Send buffer changes #346

mtmk · 2024-01-22T17:10:55Z

This PR

Method	Iter	Mean	Error	StdDev	Allocated
PublishAsync	64	156.4 us	20.34 us	1.12 us	488 B
PublishAsync	512	299.8 us	146.19 us	8.01 us	520 B
PublishAsync	1024	482.9 us	218.91 us	12.00 us	488 B

Main

Method	Iter	Mean	Error	StdDev	Allocated
PublishAsync	64	165.9 us	39.41 us	2.16 us	488 B
PublishAsync	512	375.1 us	81.65 us	4.48 us	488 B
PublishAsync	1024	607.0 us	152.22 us	8.34 us	488 B

to11mtm

Left some first-pass comments/questions, will try to review further and pull down for a look.

to11mtm · 2024-01-23T00:47:08Z

src/NATS.Client.Core/Commands/CommandWriter.cs

-            return ConnectStateMachineAsync(true, connectOpts, cancellationToken);
-        }
-
+        Interlocked.Add(ref _counter.PendingMessages, 1);


Question: Is there a reason to use this over Interlocked.Increment?

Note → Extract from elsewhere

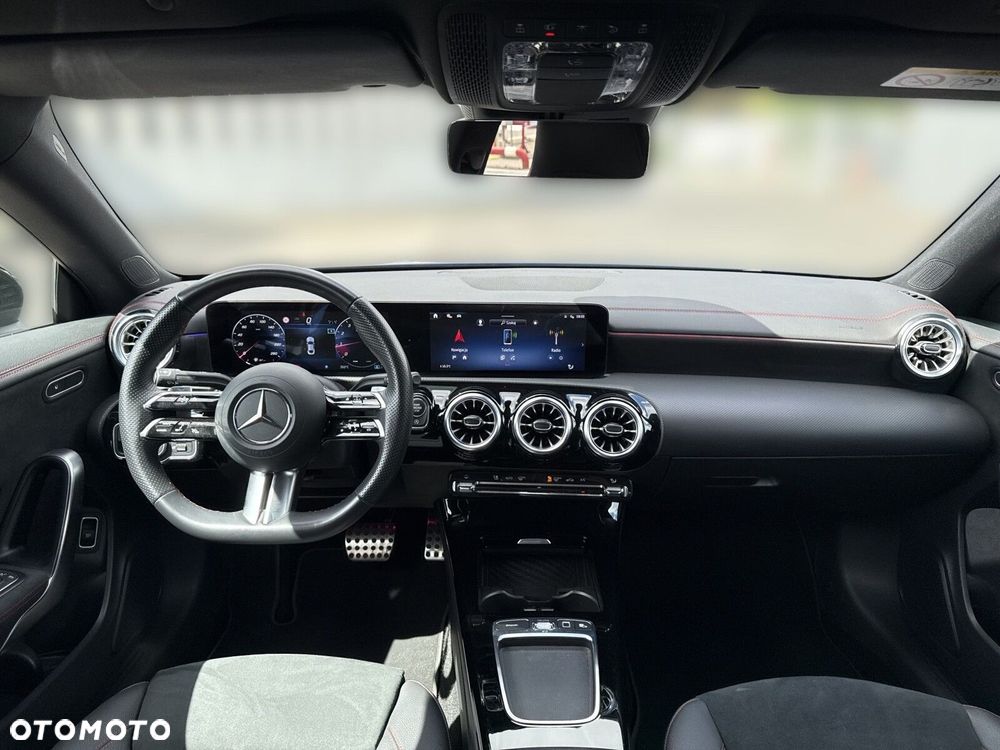 Mercedes-Benz CLA - 14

copy/paste error. (Was there an argument about Add() being faster?🤷‍♂️)
Fixed.

(Was there an argument about Add() being faster?🤷‍♂️)

It might be?

As always devil is in the details, I can't comment for ARM but for x86/x64 I did start to look at the tables on Agner Fog. However,

It has been a minute since I have peeked at these tables

They do not list LOCK INC

It's entirely possible that the JIT decides to pick the best option regardless...

However digging did lead me to this which claims that INC doesn't update the carry flag compared to ADD. Whether that still makes a difference in modern arches, I can't say...

This does almost certainly qualify as a micro opt either way, .Increment()/.Decrement() feel more readable but am happy with either option.

to11mtm · 2024-01-23T00:50:02Z

src/NATS.Client.Core/Commands/CommandWriter.cs

        }
        finally
        {
            _semLock.Release();
+            Interlocked.Add(ref _counter.PendingMessages, -1);


Per above, also why not Interlocked.Decrement?

to11mtm · 2024-01-23T00:52:52Z

src/NATS.Client.Core/Commands/CommandWriter.cs

+            PipeWriter bw;
+            lock (_lock)
            {
-                EnqueueCommand(success);
+                if (_pipeWriter == null)
+                    ThrowOnDisconnected();
+                bw = _pipeWriter!;
            }
+
+            _protocolWriter.WriteConnect(bw, connectOpts!);
+            await bw.FlushAsync(cancellationToken).ConfigureAwait(false);


This feels curious enough that a comment may be helpful?

Main question on first glance, what does the lock + capture buy us over the Semaphore usage?

_pipeWriter is replaced on reconnect in Reset(). I wanted to avoid any possible stale reads. afaik in this case semaphore or channel 'async locks' ~~would~~ wouldn't provide any memory consistency guarantees.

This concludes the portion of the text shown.